Port congestion in foreign countries due to continued coronavirus disruptions and the resulting shortage of empty containers in China were also cited as main reasons that have constrained the carrying capacity.

These arguments are largely in line with what carriers have offered to explain the record-high rates on multiple international trades.

The Shanghai Containerised Freight Index in recent weeks, for example, saw transpacific spot rates exceed $4,000 per feu, Asia-Europe rates top $4,000 per teu, West Africa rates above $6,000 per teu and East Coast South America rates breach the record of $8,000 per teu.

The transport ministry, nevertheless, said it will step up efforts to examine whether carriers have performed their rate reporting duties properly, while also pledging to prompt them to further increase vessel supply and container availability.

Sources close to the ministry said it and other related government departments are gearing up to hold another discussion with box shipping carriers amid mounting pressure from the country’s shipper community.

Lloyd’s List has approached the ministry for comments.

In a joint letter sent to China’s Ministry of Commerce last month, the China International Freight Agency Association and the China Shippers’ Association said carriers’ illicit pricing measures have “significantly affected and disrupted” the country’s foreign trade and the international logistics markets.

The pair accused container lines of imposing and misreporting excessive surcharges, for example when shippers delayed the delivery of cargo or reporting of the verified gross mass, among other incidents.

Some shipping companies even requested additional fees of $350 per teu after the slot booking was confirmed, or forced customers to accept bundled road transport services, to take advantage of the shortage of vessel space and equipment, they added.

The two concluded the letter by suggesting that government authorities, including the Ministry of Commerce, the Ministry of Transport and the State Administration for Market Regulation should launch an antitrust investigation into such practices.

A Shanghai-based shipper remained doubtful about how much the government could alter the direction of the freight markets this time.

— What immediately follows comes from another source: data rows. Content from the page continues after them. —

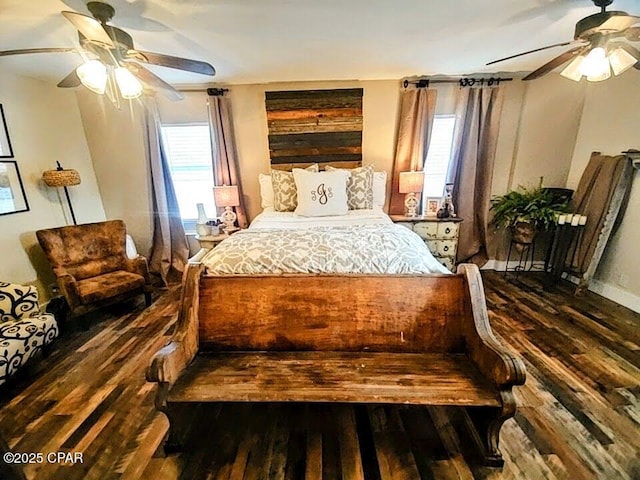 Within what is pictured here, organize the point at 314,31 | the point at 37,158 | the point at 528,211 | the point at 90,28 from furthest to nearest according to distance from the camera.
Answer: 1. the point at 528,211
2. the point at 37,158
3. the point at 314,31
4. the point at 90,28

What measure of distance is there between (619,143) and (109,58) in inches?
175

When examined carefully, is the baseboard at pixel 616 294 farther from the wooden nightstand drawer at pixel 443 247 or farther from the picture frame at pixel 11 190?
the picture frame at pixel 11 190

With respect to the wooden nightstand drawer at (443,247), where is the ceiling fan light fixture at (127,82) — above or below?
above

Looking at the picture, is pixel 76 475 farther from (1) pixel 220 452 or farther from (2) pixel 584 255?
(2) pixel 584 255

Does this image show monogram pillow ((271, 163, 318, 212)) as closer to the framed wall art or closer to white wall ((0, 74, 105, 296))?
the framed wall art

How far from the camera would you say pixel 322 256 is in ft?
6.84

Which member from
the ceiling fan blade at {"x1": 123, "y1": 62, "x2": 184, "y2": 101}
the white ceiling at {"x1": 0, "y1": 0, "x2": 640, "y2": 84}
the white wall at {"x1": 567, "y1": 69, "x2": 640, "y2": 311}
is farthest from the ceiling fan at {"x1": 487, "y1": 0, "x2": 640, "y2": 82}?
the ceiling fan blade at {"x1": 123, "y1": 62, "x2": 184, "y2": 101}

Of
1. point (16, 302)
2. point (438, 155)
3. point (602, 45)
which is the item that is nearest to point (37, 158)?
point (16, 302)

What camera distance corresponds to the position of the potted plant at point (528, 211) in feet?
11.1

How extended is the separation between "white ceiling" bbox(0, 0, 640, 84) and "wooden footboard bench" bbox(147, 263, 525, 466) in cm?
164

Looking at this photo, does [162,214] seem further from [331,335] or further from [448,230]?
[448,230]

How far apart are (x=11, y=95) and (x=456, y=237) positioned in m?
4.79

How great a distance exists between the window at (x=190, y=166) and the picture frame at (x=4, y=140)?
1.37m

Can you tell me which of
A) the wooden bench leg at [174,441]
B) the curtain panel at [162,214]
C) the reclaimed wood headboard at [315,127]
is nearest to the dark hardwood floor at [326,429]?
the wooden bench leg at [174,441]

“The previous consultation didn’t stop the soaring rates. I don’t think another one will bring about a miracle,” he said.

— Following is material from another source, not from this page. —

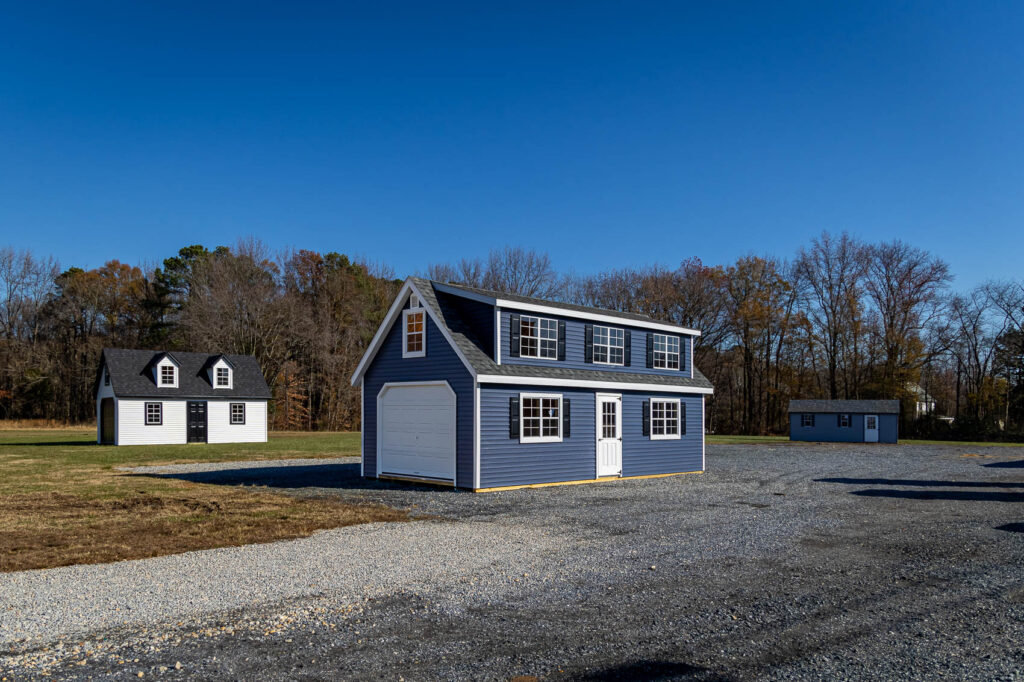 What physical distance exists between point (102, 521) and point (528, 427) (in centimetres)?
980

However, carriers seem to be cautious this time about pulling back capacity.

Only a handful of void sailings have been announced six weeks from the Chinese New Year, with 2-4% of the total three-week holiday capacity cancelled on the transpacific and 6-13% on Asia-Europe routes, according to Sea-Intelligence.

To match the average level between 2017 and 2020, carriers need to blank an additional 48-56 sailings on transpacific and 18-21 on Asia-Europe, the consultancy estimated in a report.

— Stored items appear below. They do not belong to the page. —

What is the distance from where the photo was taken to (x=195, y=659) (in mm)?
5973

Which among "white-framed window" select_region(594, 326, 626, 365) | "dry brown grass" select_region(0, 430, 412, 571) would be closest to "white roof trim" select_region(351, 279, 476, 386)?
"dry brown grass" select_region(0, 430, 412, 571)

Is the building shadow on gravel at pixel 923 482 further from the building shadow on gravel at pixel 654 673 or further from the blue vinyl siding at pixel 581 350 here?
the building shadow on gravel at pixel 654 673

It said the uncertainties from the virus impact has made it difficult for carriers to plan their capacity deployment.

“There does not seem to be any consensus forecast of the production impact of CNY 2021, with scattered reports of some Chinese factories offering bonuses to workers to work through the holidays to support the demand boom, while there are contradicting reports that CNY 2021 shutdowns may be longer and deeper than in previous years, due to coronavirus travel restrictions and a flare-up of coronavirus in Hong Kong in December.”

The number of domestic infections has ramped up over the past week in China, with new cases found in multiple cities.